Decision 5: Interface Expansion

Decision: Add subtype, fieldCategory, and isCheckbox to K1ExtractedField; add position info to K1UnmappedItem

Rationale: The existing interface lacks fields needed for subtype codes (box 11 "ZZ*", box 20 "A"/"B"), field categorization (Part III vs Section J vs metadata), and checkbox discrimination. Adding these fields is backward-compatible (all optional/nullable).

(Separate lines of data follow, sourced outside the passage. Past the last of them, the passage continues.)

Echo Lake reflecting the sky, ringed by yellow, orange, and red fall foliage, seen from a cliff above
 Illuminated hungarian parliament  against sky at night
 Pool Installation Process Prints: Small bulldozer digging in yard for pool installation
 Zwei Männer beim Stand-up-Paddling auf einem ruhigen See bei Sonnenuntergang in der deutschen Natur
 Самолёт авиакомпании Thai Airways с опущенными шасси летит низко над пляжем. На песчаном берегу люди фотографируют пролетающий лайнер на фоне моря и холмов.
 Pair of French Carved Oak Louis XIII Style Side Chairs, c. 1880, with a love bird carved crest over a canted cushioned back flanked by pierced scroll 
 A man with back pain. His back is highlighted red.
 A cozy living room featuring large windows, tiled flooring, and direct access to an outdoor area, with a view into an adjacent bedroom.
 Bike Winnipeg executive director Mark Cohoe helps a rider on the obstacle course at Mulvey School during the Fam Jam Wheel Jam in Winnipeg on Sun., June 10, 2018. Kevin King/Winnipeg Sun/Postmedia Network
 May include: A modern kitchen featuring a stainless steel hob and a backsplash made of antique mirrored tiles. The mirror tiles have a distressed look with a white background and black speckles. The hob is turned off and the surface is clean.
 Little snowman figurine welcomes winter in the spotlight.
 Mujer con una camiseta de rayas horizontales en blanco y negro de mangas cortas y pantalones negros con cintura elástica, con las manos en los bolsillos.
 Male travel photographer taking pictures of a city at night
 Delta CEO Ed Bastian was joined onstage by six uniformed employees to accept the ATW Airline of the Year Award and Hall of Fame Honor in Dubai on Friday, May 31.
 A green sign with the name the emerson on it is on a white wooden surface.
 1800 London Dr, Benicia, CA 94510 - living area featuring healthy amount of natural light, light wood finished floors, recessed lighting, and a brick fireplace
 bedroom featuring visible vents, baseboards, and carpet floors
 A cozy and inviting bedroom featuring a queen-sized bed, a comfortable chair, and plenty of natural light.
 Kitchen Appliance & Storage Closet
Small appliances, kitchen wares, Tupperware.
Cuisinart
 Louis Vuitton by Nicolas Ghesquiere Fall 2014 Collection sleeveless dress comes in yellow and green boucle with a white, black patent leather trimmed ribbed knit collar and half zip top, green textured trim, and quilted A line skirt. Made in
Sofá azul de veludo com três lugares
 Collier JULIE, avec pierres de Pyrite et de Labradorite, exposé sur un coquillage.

New fields on K1ExtractedField:

  • subtype: string | null — subtype code (e.g., "ZZ*", "A", "B", "*")
  • fieldCategory: 'PART_III' | 'METADATA' | 'SECTION_J' | 'SECTION_K' | 'SECTION_L' | 'SECTION_M' | 'SECTION_N' | 'CHECKBOX'
  • isCheckbox: boolean — whether this field is a boolean checkbox value

New fields on K1UnmappedItem:

  • x: number — x position in PDF points
  • y: number — y position in PDF points
  • fontName: string — font identifier for debugging

Open Items

None. All NEEDS CLARIFICATION items resolved.